(Collected data entries)

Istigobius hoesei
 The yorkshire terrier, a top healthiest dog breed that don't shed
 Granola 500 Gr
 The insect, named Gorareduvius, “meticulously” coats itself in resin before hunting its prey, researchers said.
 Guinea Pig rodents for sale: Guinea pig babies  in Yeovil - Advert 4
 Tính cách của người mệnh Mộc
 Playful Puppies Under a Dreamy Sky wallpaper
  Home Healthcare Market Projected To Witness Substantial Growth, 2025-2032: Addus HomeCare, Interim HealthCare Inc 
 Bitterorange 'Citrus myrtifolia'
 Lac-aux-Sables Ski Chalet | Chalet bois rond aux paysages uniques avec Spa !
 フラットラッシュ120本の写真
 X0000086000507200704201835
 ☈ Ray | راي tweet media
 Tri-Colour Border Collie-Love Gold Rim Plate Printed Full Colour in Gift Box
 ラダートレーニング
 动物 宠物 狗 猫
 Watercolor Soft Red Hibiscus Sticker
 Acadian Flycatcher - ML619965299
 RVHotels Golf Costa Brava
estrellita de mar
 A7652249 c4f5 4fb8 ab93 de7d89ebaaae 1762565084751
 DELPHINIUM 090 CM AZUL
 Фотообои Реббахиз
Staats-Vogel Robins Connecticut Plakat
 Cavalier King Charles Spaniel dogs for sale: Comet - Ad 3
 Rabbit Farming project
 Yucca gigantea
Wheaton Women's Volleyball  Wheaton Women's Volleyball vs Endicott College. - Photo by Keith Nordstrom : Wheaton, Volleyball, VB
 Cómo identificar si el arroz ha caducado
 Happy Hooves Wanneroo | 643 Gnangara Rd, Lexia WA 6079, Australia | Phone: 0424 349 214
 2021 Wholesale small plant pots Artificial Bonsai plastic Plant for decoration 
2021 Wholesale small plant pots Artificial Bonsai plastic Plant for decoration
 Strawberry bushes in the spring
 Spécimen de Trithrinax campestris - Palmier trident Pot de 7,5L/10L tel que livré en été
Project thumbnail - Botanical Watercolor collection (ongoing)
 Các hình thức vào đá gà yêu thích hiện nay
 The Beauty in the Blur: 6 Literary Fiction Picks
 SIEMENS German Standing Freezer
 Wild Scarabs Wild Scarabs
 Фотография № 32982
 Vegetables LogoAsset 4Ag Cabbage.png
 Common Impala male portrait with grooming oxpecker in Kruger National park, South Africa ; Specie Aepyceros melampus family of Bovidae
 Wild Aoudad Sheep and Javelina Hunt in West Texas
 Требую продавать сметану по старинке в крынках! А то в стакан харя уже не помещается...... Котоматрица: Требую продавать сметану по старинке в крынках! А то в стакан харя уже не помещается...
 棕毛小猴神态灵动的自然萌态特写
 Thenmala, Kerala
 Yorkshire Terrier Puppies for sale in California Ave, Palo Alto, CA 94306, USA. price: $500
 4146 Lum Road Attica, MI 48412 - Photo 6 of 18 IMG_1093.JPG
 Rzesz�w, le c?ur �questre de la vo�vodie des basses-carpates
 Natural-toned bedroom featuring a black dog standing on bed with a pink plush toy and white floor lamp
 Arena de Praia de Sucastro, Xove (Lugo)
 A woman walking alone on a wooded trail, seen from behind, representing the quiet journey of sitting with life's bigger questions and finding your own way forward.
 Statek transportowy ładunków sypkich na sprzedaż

Exercise requirements: All lines of the records containing "plant" should be shown.

Worked solution:
 2021 Wholesale small plant pots Artificial Bonsai plastic Plant for decoration 
2021 Wholesale small plant pots Artificial Bonsai plastic Plant for decoration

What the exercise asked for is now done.